My name is Nata and I want to say thank you, Higuchi Takayuki, for sharing the story through your lens. I lived in Sendai so the recent events are very terrible to see. Masuda's account of the fear of the unknown is widespread. He points out that things may appear normal but the items that were taken for granted were not available like gas and food. Consumers around the world are going to feel the effects of this in many ways including electronic products and automobiles. Children who have moved to the Kanto region from Fukushima are being treated as social pariahs. Many people are still hurting and trying to regain their foothold after they have lost everything. I hope that we can mourn together with those who have been affected by this multi-headed disaster.
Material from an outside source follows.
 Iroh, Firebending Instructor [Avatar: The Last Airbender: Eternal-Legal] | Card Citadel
I still have many close connections with people in the city and have documented letters and stories about my friends living there. I am also trying to raise awareness of the current situation as well as fundraising here in San Francisco. Please take a look at my blog and please forward freely. http://insidesendai.blogspot.com

Great account from the source

This really lets us in on the psychological state of Japan. Gives us a multi-dimensional picture of their state, and how easily it could have been worse, if they were not prepared as a wealthy nation. I'm usually critical of Japan's homogeneous population and immigration control, but in such a crisis, it seems to lead to greater unity and less conflict. Unlike a war, here their is no blame, only survival.
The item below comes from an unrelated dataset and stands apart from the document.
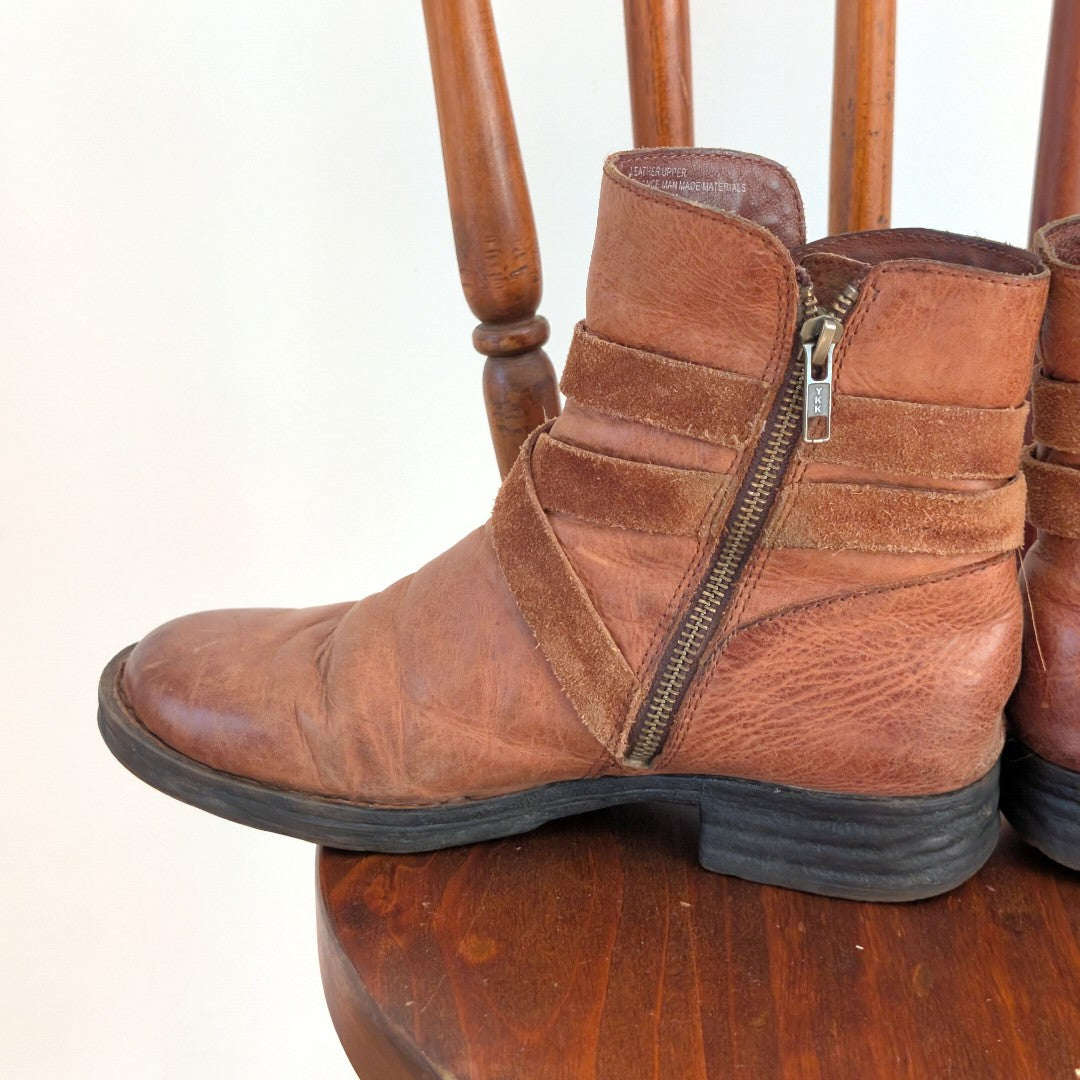 Born Perl Boots Boho Fringe Leather - 7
The best way to grieve, and avoid PTSD, is to tell the stories over and over, let people know that they are not alone, and help them comprehend what has happened. Recording the individual stories will create a cultural memory, that bridges time, and relays the wisdom learned to the next generation.

We need to study the event, and learn from it, so that those who suffered and lost their lives, will not have done so in vain. My respect goes out to the people of Japan. I hope that they can use this tragic situation to give meaning to their lives and regain joy as soon as possible.

Japan is to be commended for many aspects of this tragedy,

which is beyond what any nation could cope with single-handedly.

There has been criticism, some justified, in the media of the nuclear crisis handling. 

But when we compare Japan's response to Haiti's following the two devastating earthquakes and in Japan's case, a quake compounded by a terrible tsunami and nuclear crisis, Japan's response was far superior.  Japan was able to get half a million people into shelters swiftly, unlike Haiti where many were living outdoors on their own for months, and many in Haiti died of exposure and diseases that could have been prevented with better planning.

Japan also built its buildings to withstand quakes, unlike Haiti where so many deaths were due to improper construction.  Plus Japan had a warning system in place for the tsunami, or even more lives would have been lost. Japan is also to be commended for the courtesy with which its citizens have treated each other, working together to help neighbors--with not a single report of looting or violence.

We thank Taka for his insightful reporting and send him our warmest wishes.